— EXERCISE OBJECTIVE —
Below are records with pictures. Reproduce exactly the lines from the line with "Clothing Rebellious Fashion" to the line with "Elegant sommaren Bröllop", inclusive, and leave each picture out.

— THE RECORDS —
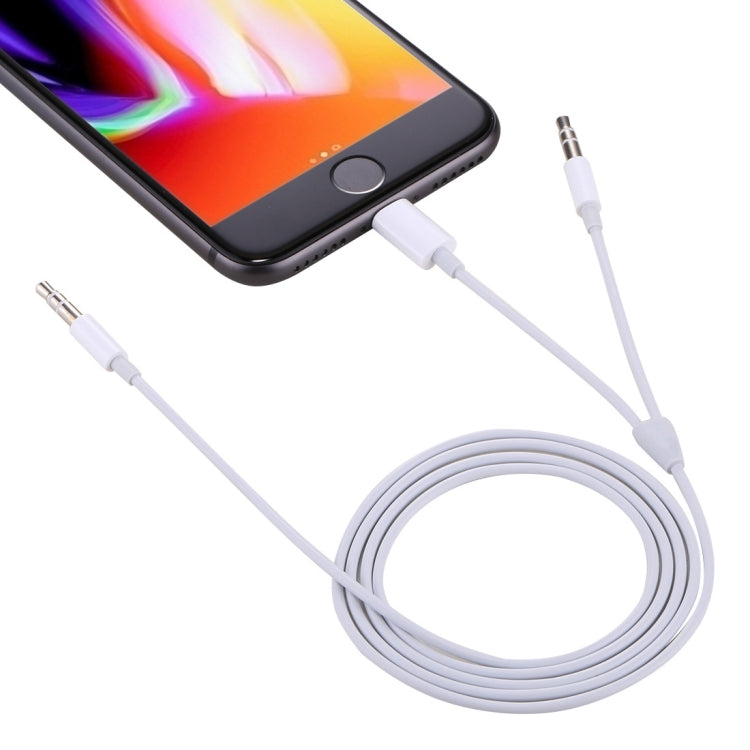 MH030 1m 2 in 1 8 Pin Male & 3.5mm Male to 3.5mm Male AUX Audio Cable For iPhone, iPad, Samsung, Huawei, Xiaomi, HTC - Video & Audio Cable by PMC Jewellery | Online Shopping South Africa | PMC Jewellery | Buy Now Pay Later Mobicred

* * *

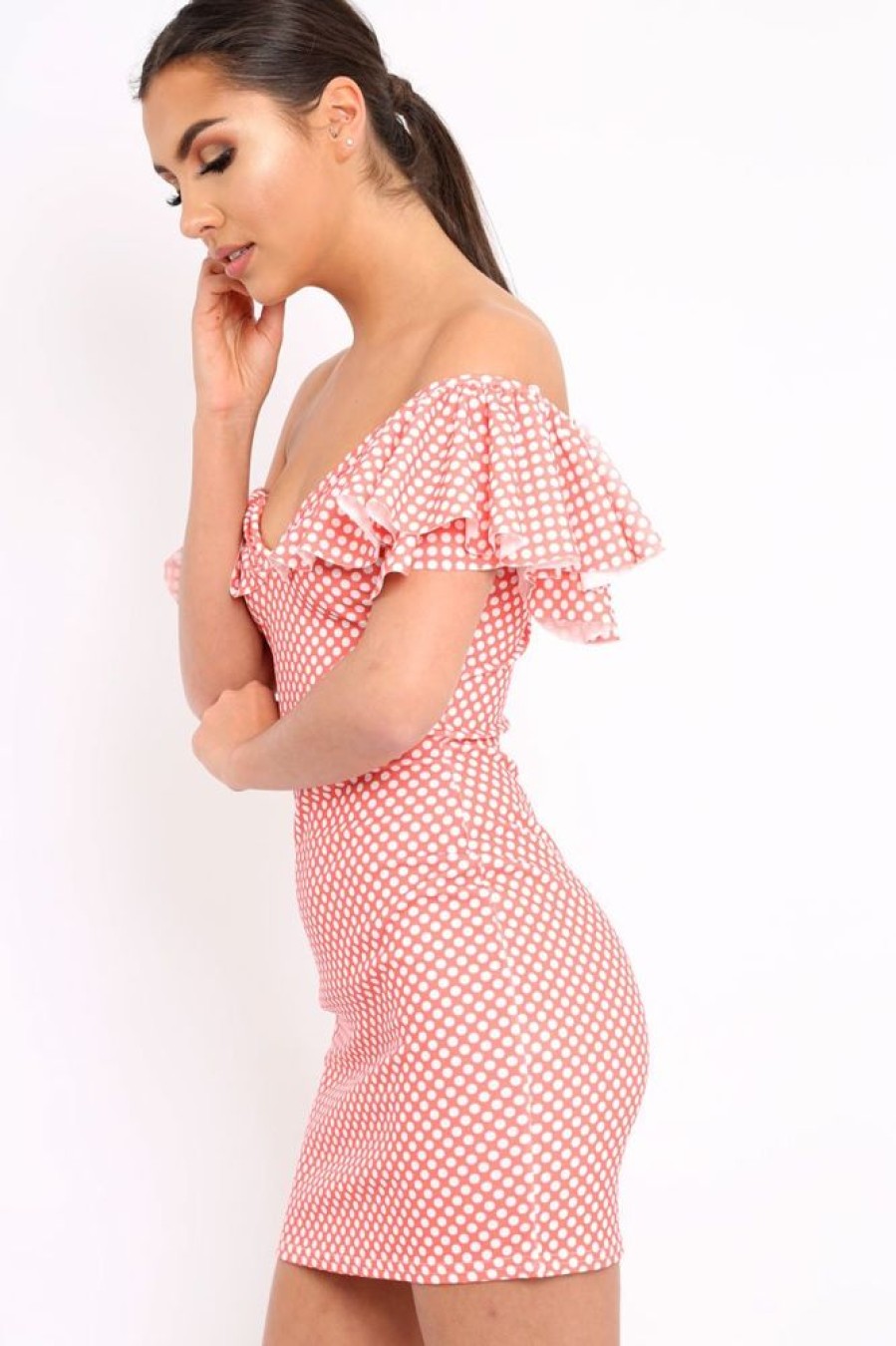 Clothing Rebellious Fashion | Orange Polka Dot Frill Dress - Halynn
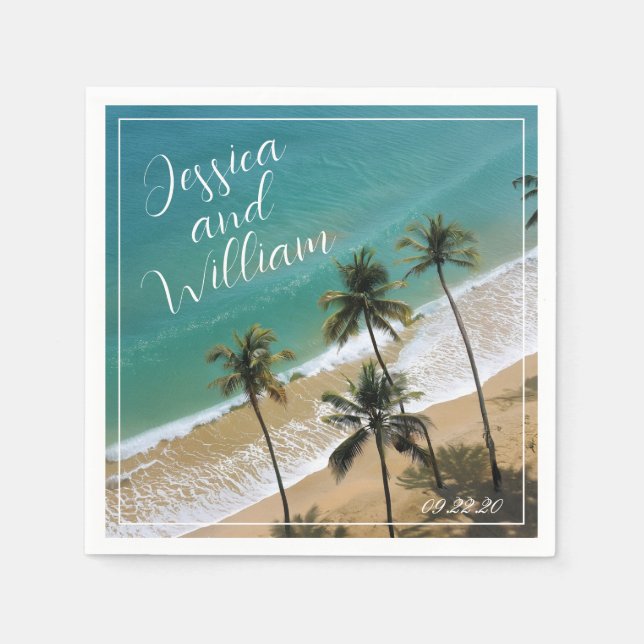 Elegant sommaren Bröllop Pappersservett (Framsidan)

— RESULT —
 Clothing Rebellious Fashion | Orange Polka Dot Frill Dress - Halynn
 Elegant sommaren Bröllop Pappersservett (Framsidan)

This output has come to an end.